# Prompt:
The part below that opens with the line containing "Solar LED String" and closes with the line containing "Alfombra rectangular 8x10ft" should be copied exactly, minus any pictures.

# Source material:
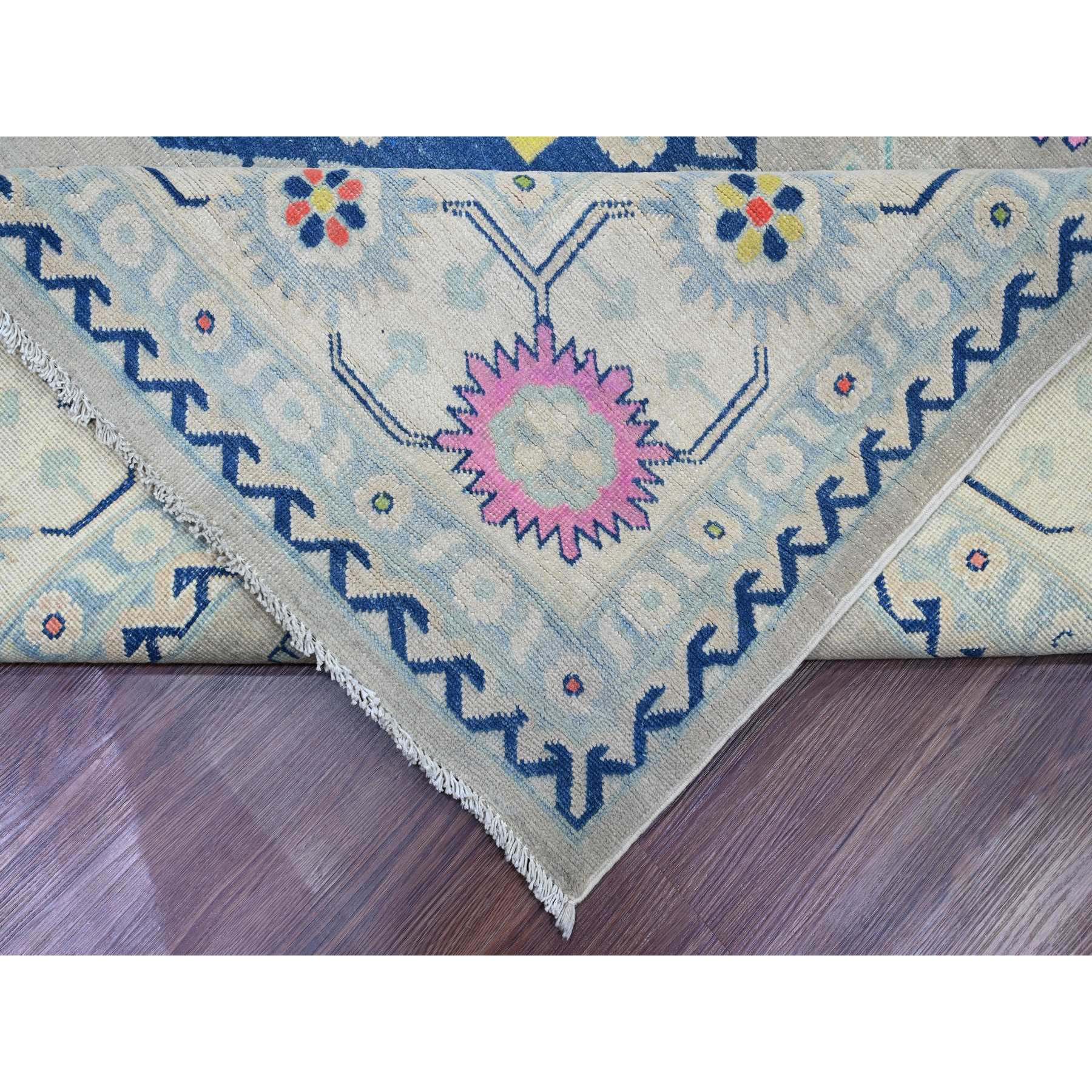 9'7"x13'4" Cloud Gray, Colorful Fusion Kazak, Caucasian Design with Geometric Medallions, 100% Wool, Hand Knotted, Oriental Rug Sh20974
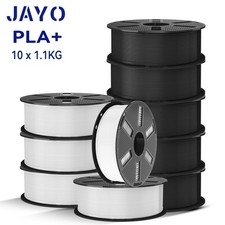 JAYO 10x1.1KG PLA+ Black & White 3D Printer Filament 1.75mm High Adhesion Neatly picture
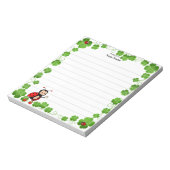 Bloc-note Jolie coccinelle et feuilles de trèfle alignées (Tourné)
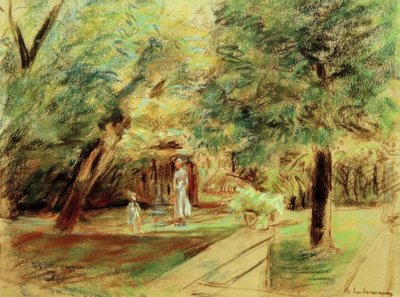 Barnbarn med barnflicka framför häckar av Max Liebermann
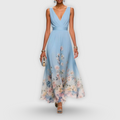 Women's Maxi Dress Sleeveless with V-Neck and Floral Print A-Line - Light Blue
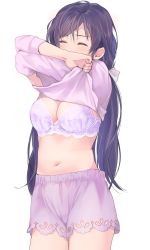 Rule 34 | 1girl, breasts, cleavage, closed eyes, clothes lift, floral print, hair ornament, hair scrunchie, highres, image sample, kate iwana, lace-trimmed shorts, lace trim, large breasts, lavender bra, lavender shirt, lavender shorts, long hair, long sleeves, love live!, love live! school idol project, navel, purple hair, scrunchie, shirt lift, shorts, simple background, sleepwear, solo, tojo nozomi, twintails, twitter sample, very long hair, white background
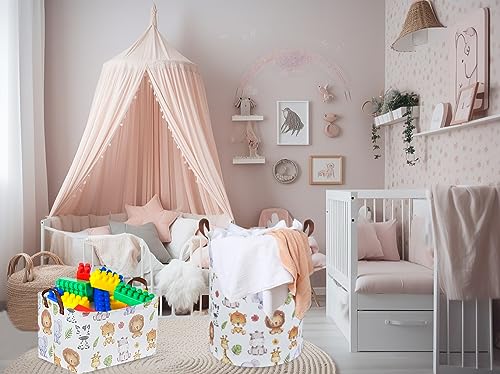 Kids Laundry Hamper and Cute Animal Toy Storage Basket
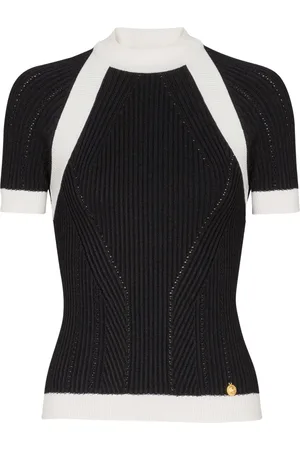 Balmain Strikket top med korte ærmer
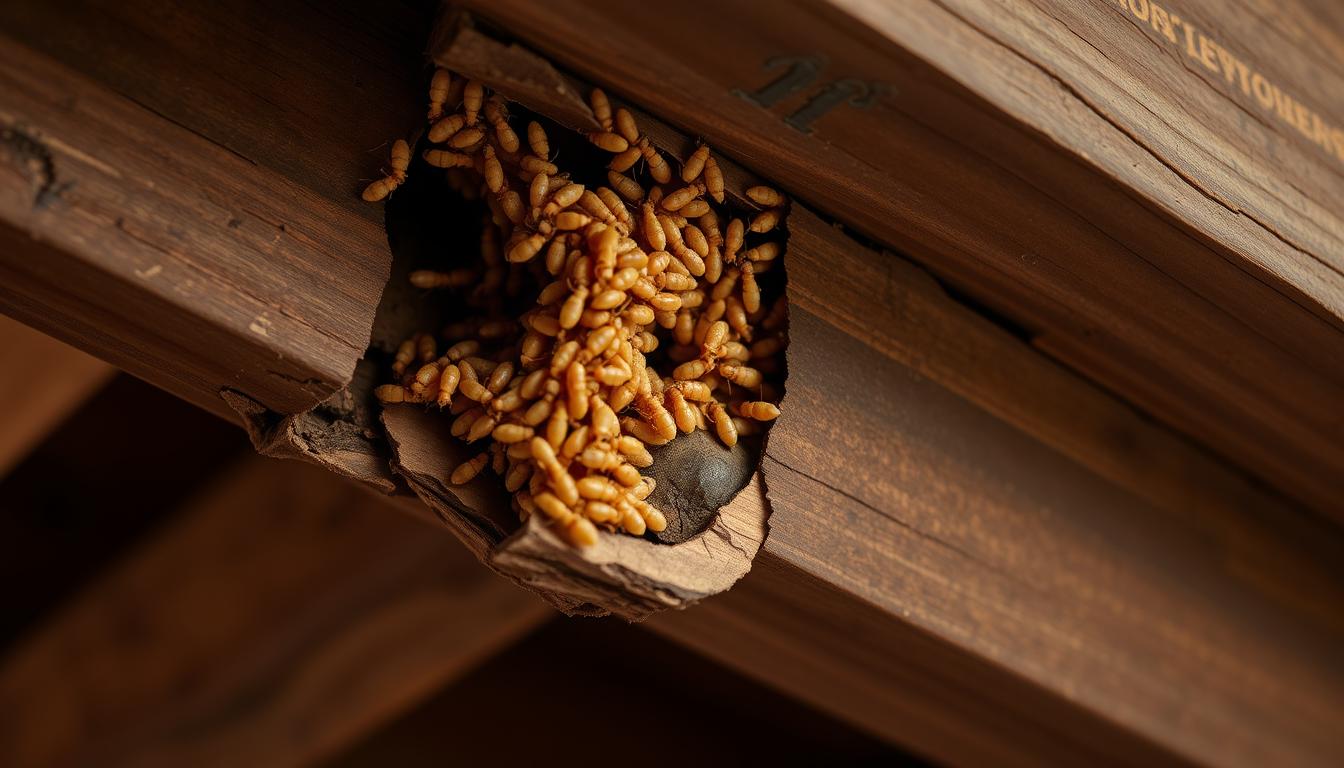 Termite damage in a Baton Rouge home showing structural wood damage
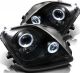Φανάρια εμπρός Honda Prelude (1997-2001) angel eyes - μαύρα , με λάμπες (Η1) - σετ 2τμχ.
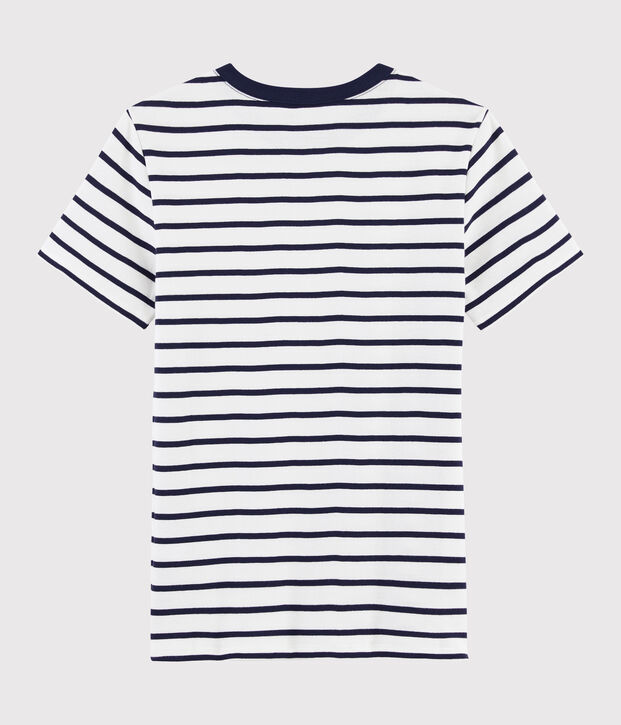 T-shirt iconica scollo rotondo Donna bianco/blu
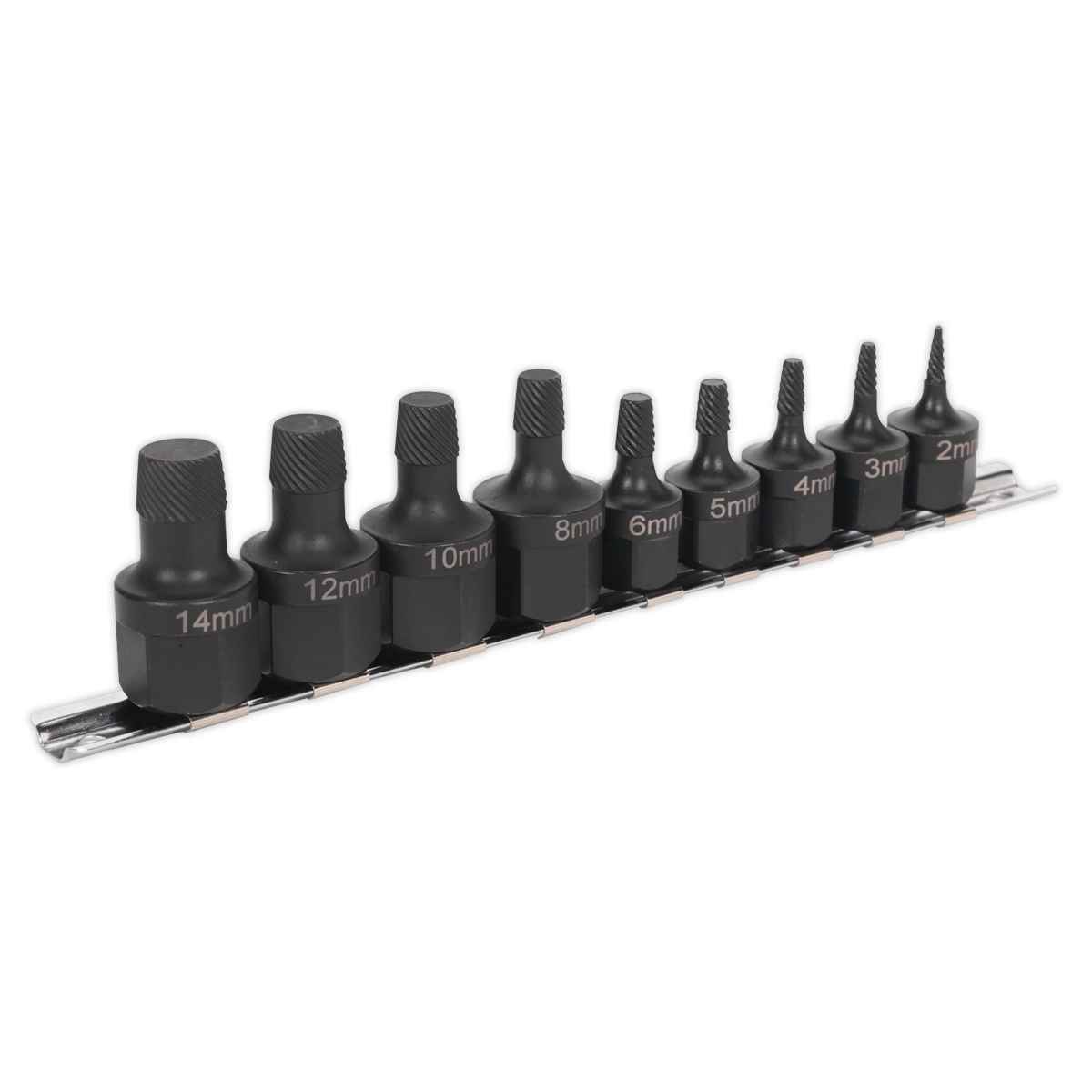 Sealey Stud Extractor Set Left-Hand Tapered Spiral Design 9 Pieces AK7222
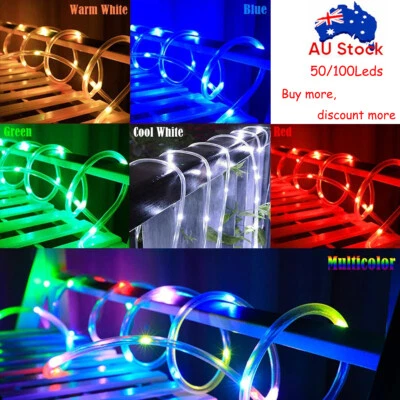 Solar LED String Lights Outdoor Waterproof Fairy Garden Hanging Xmas Lamp Decor - Image 1 of 4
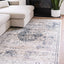 Alfombra rectangular 8x10ft color azul oscuro/beige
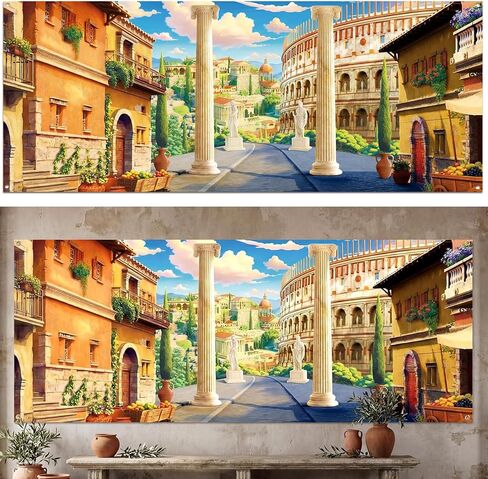 fanfanwin 6x18ft روما موضوع خلفية 2026 vbs السوق الرومانية القديمة خلفية العملاق النسيج الجدار شنقا راية روما موضوع حزب الديكور التصوير الدعائم لقضاء عطلة الكتاب المقدس مدرسة الكنيسة ديكور in Kuwait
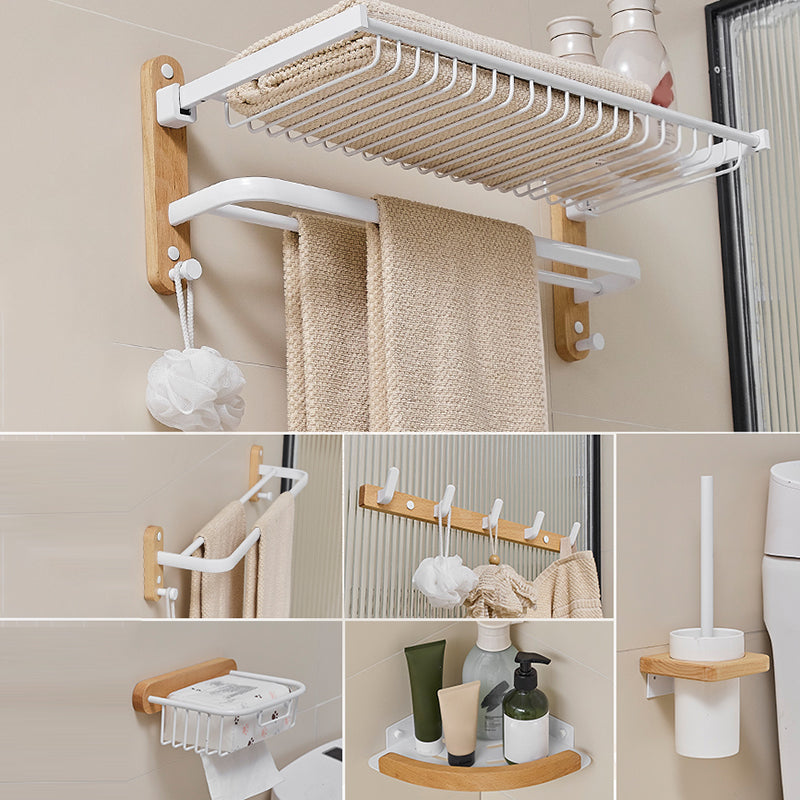 Lisslune | Aluminium and Wood Bath Accessories Set White Bathroom Accessories Kit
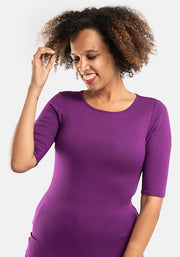 Purple 1/2 Sleeve Round Neck Top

# Response box:
 Solar LED String Lights Outdoor Waterproof Fairy Garden Hanging Xmas Lamp Decor - Image 1 of 4
 Alfombra rectangular 8x10ft color azul oscuro/beige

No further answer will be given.